> [Dataset extract]:
>>>

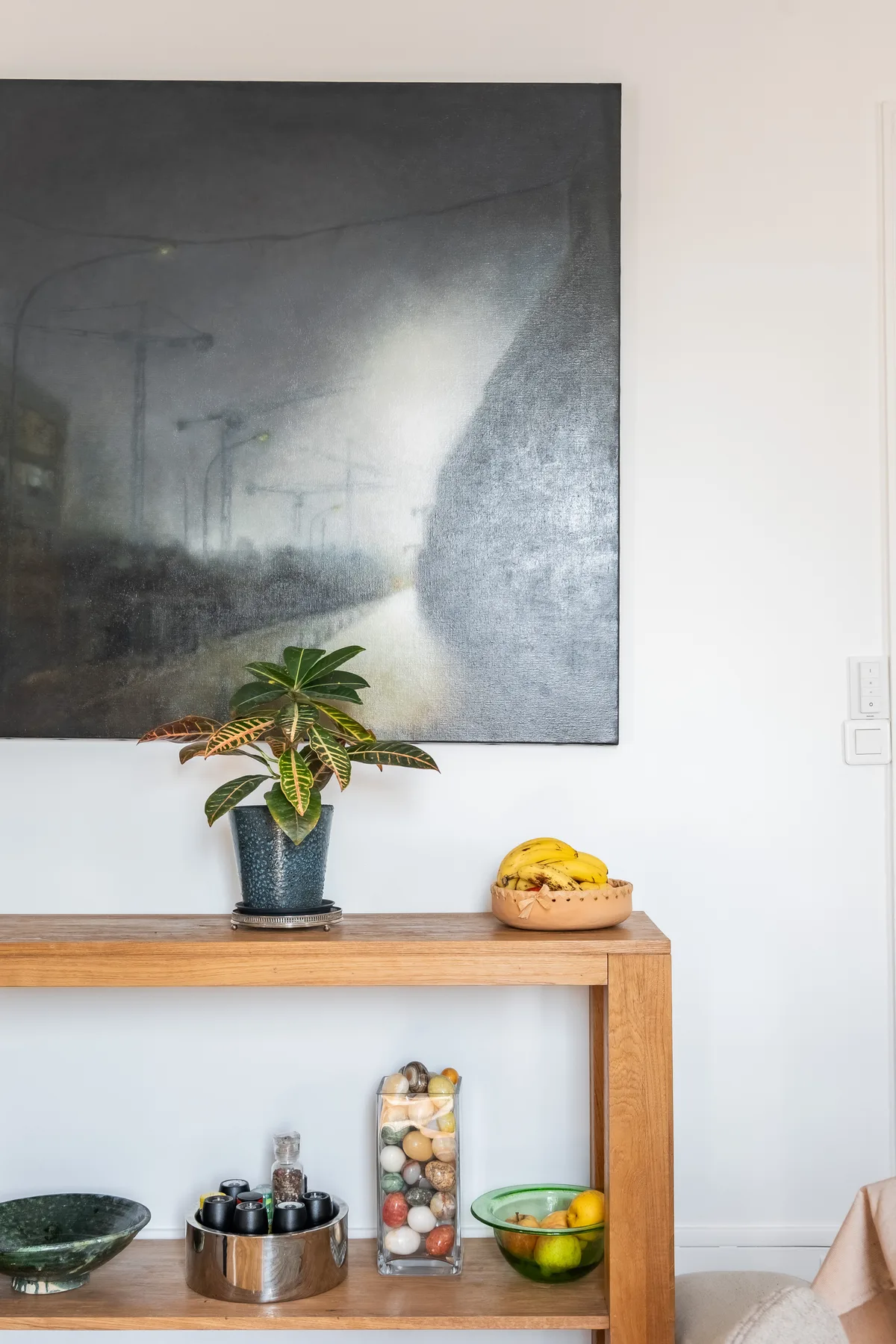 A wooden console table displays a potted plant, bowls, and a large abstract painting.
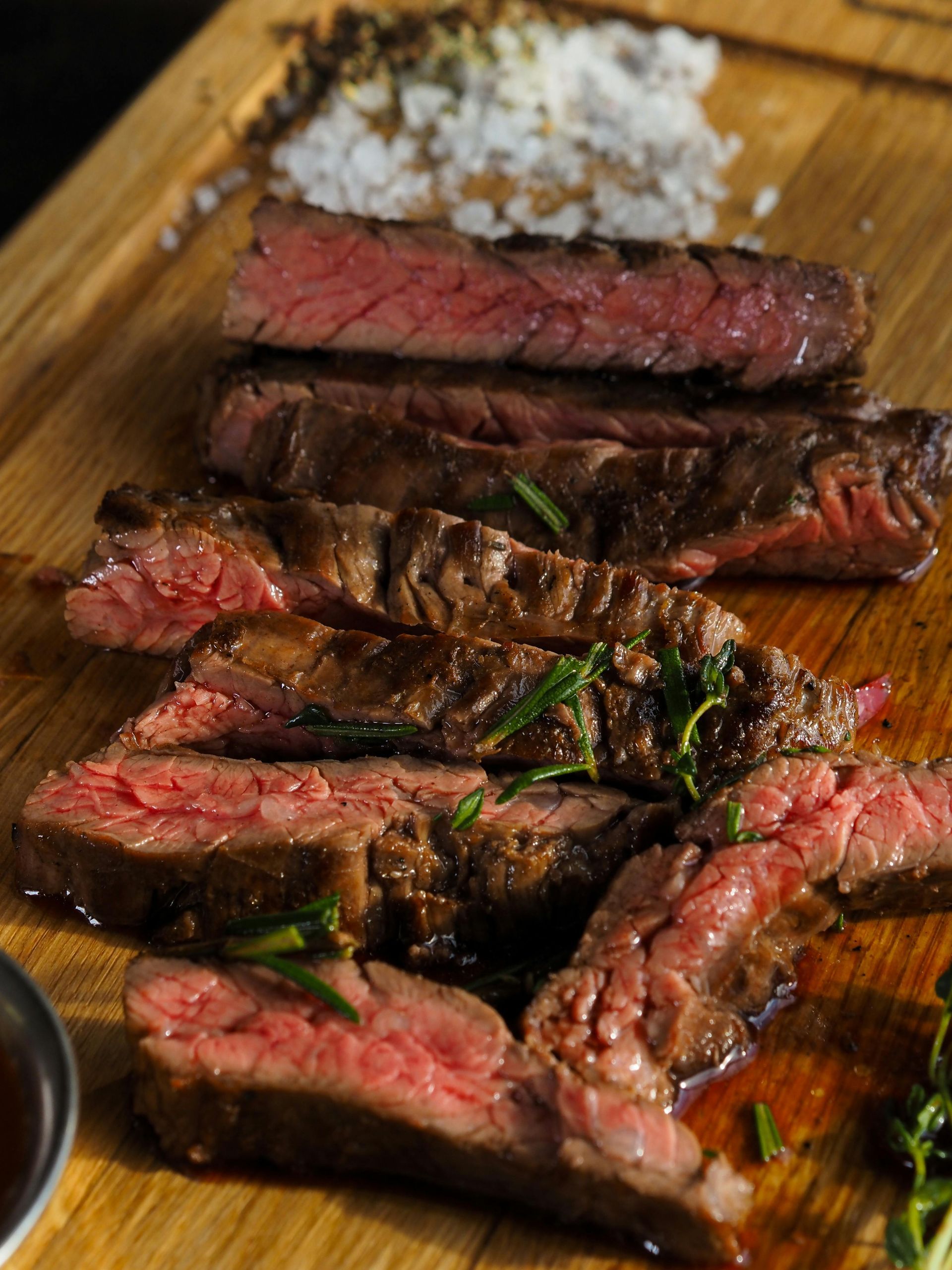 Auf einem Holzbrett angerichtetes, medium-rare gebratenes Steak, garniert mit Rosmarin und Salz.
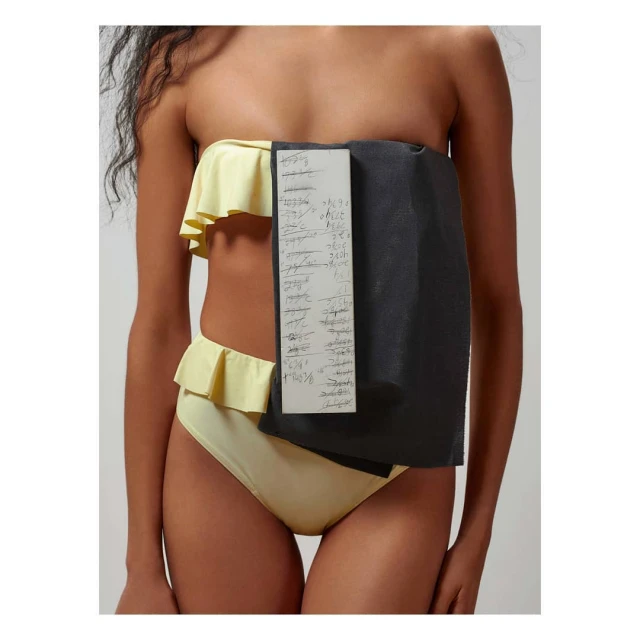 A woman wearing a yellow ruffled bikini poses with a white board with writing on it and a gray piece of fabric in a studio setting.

<<<

Keep every word of the material exactly as given. Drop the pictures.

 A wooden console table displays a potted plant, bowls, and a large abstract painting.
 Auf einem Holzbrett angerichtetes, medium-rare gebratenes Steak, garniert mit Rosmarin und Salz.
 A woman wearing a yellow ruffled bikini poses with a white board with writing on it and a gray piece of fabric in a studio setting.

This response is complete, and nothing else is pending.